16. The property of a society Under Section 5 of the SR Act, if not vested in trustees, then only shall vest for the time being with the governing body of such society. The properties of FDCB vested in a public trust, being No. E-643/Bharuch. It was also recognised by this Court in Church of North India v. Lavajibhai Ratanjibhai wherein it was observed thus: (SCC p. 783, para 60)

60. We are not oblivious of the fact that the resolution adopted in the meeting held on 17-2-1970 allegedly fulfilled all the requirements for such resolution as provided in the Societies Registration Act but it is now beyond any controversy that the society having not owned any property, their transfer in favour of a new society was impermissible in law. In terms of Section 5 of the Societies Registration Act, all properties would vest in the trustees and only in case in the absence of vesting of such properties in the trustees would the same be deemed to have been vested for the time being in the governing body of such property. In this case, it is clear that the properties have vested in the trustees and not in the governing body of the society.

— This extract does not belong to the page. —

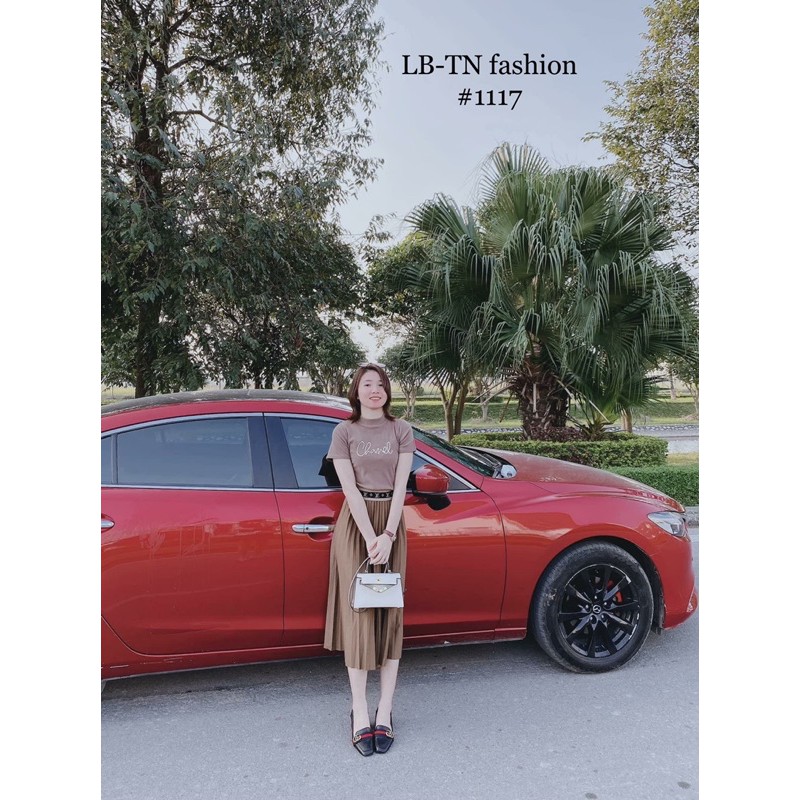 CHÂN VÁY XẾP LY CẠP CHỮ CHẤT ĐẸP MS15672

20. Therefore, we are of the opinion that the claim of the Appellants that following unification of FDCB with CNI after the purported resolution resulted in the dissolution of FDCB making CNI its legal successor and controller of its properties, does not hold good and cannot be accepted. The High Court has rightly observed that:

... The trust which has been created as public trust for a specific object and the charitable or the religious nature or for the bona fide of the society or any such institution managed by such trusts for charitable and religious purpose shall continue to exist in perpetuity and it would not cease to exist by any such process of thinking or deliberation or the resolution, which does not have any force of law.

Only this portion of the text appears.